2013-05-29 06:22 (UTC)
XE Market Analysis
The dollar held on to a firmer tone in Asia following yesterday's U.S. data strength, which elevated U.S. Treasury yields. EUR traded into 1.2840 and Cable moved under 1.5020, leaving it close to 1.5000 option barriers. USD-JPY held on to a firm tone as a result of dollar firmness, leaving it close to 102.40, but the JPY crosses were weighed by sell-interest via EUR, GBP and the commodity bloc currencies. AUD fell to fresh trend lows amid macro fund selling due to rising concerns over the outlook in Australia, which cleared away long-term support at 0.9580. It was quiet session on the data front. Japan April retail sales posted a negative reading for the fourth consecutive month at -0.1% y/y, but the headline number was not as bad as feared. Australia Q1 construction work done was much weaker than expected at -2% q/q, but new home sales rose 3.9% and the March Westpac/MI leading index came in at 290.3 from 289.7 previously, which pointed to above trend growth.[EUR, USD]
EUR-USD was pressured by underlying dollar strength following yesterday's U.S. data, which continued to fuel optimism over the U.S. outlook and reinforced expectations of Fed QE tapering. The negative EUR set-up came after yesterday's plunge towards the 1.2850 region, which encouraged good selling pressure on upticks in Asia. After opening around 1.2855 it triggered stops en-route to the 1.2840 area. Traders eye May 23 lows near 1.2820 as initial support. There was some talk of sovereign buying interest at the lows, which seemed to have put a temporary floor in place. Two-way interest is noted from 1.2800 to 1.2820, though stops are seen building from 1.2790 now.[USD, JPY]
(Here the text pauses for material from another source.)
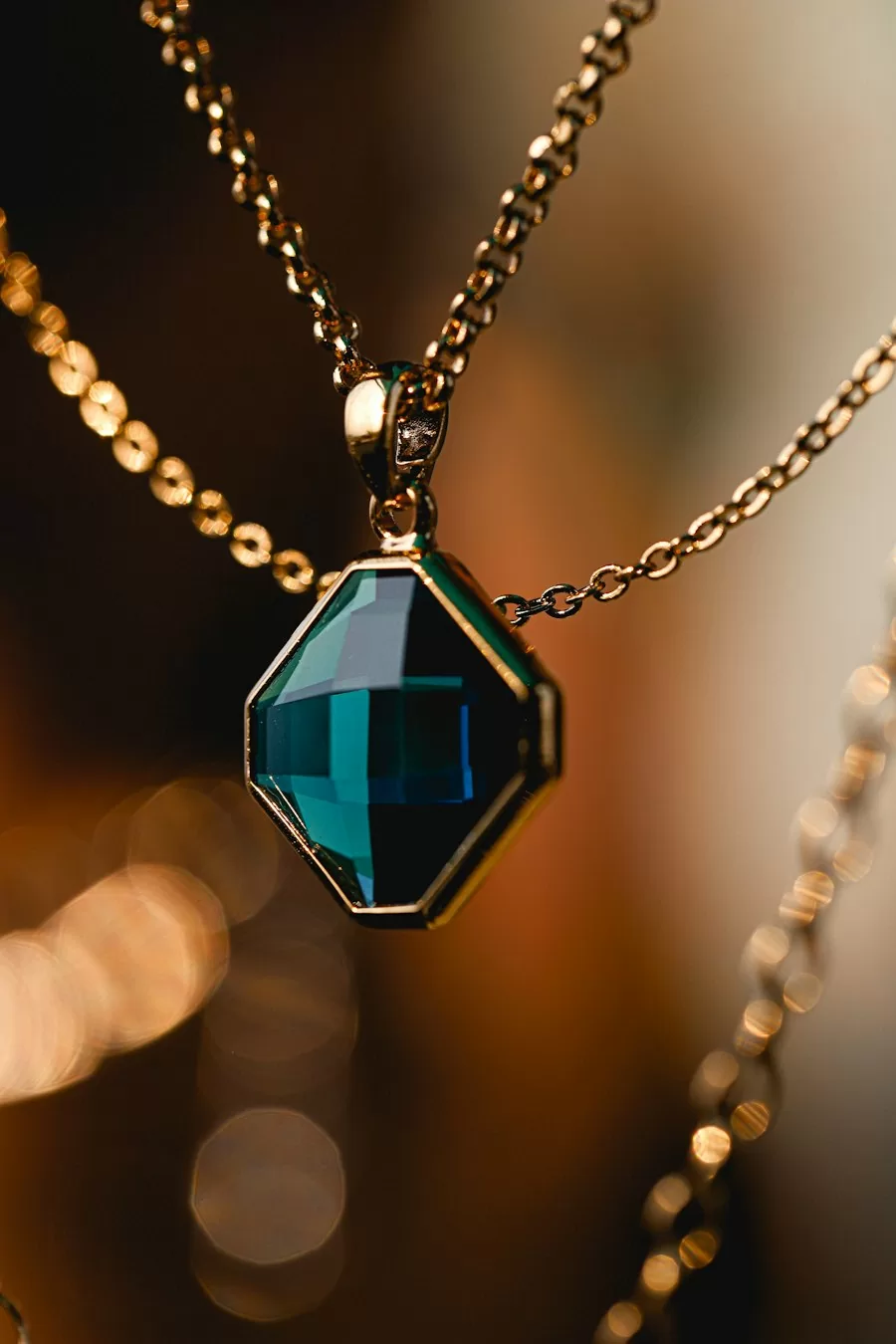 Stocking Fancy-Cut Moissanite: Oval, Cushion, Pear and Radiant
USD-JPY maintained a firm tone over 102.00, though did experience some price chop between 102.00 and 102.50 over the course of the Asian session, which mirrored today's movement via Japanese stock markets. The elevation in U.S. yields was a supportive lead overall and it ended the Tokyo session close to 102.40, although there were reports of more exporter hedging and talk of interest related to repatriation. The downside was underpinned by both macro types and importers towards 102.00 and more bids are noted into the 101.80 region. The JPY crosses lacked upward momentum. AUD-JPY was weighed by fund selling via AUD-USD, which left it around 97.50 from just over the 98.50 region. EUR-JPY was in a holding pattern around 131.50 after it rejected levels over 132.00 yesterday and GBP-JPY fell back from 154.00 to 153.25.[GBP, USD]
Cable headed towards option barrier support at 1.5000 in Asia on broad dollar strength. Cable broke down on Tuesday after firm U.S. data, which reinforced expectations that the Fed could start to taper QE in the coming months. After starting the Asian session close to 1.5050 it printed 1.5008 lows. Cable is trading around levels where natural buying interest could emerge, including reserve management flows and long-term hedging from corporate accounts. Previously, the BoE have not seemed keen on Cable sustaining movement under 1.5000 due to imported inflation, but given the underlying dollar trend it is now looking more likely that Cable will extend current losses.[USD, CHF]
The CHF maintained easier levels as stocks sustained the recent rally. EUR-CHF traded as high as 1.2572 in late Asia, while USD-CHF extended to the 0.9790 region. Since the European session got underway corporate swissy demand has emerged, along with profit taking by some fund names. EUR-CHF edged back towards 1.2540, which moved in tandem with a USD-CHF dip into 0.9755. However, dip buying should continue to support both the cross and the dollar pairing, though ranges could tighten up as option flows begin to emerge on further swissy weakness. USD-CHF barriers are noted at 0.9850, while a build up of option strike congestion is noted in EUR-CHF from 1.2600.[USD, CAD]
USD-CAD consolidated Tuesday's gains during overnight trade. It extended to 1.0420 after racing up through 1.0400 barriers by yesterday's Northy American close. There was light profit taking into the European session by range players fading moves ahead of resistance at 1.0430, while positive guidance for CAD$ came from AUD-CAD flow and stock market firmness. It is likely that some light repositioning will go through ahead of today's BoC policy announcement, where there has been speculation the Bank could drop its long in the tooth tightening bias. However, it is widely thought that Carney may decide to leave things as they are until the new governor Polaz takes charge from June.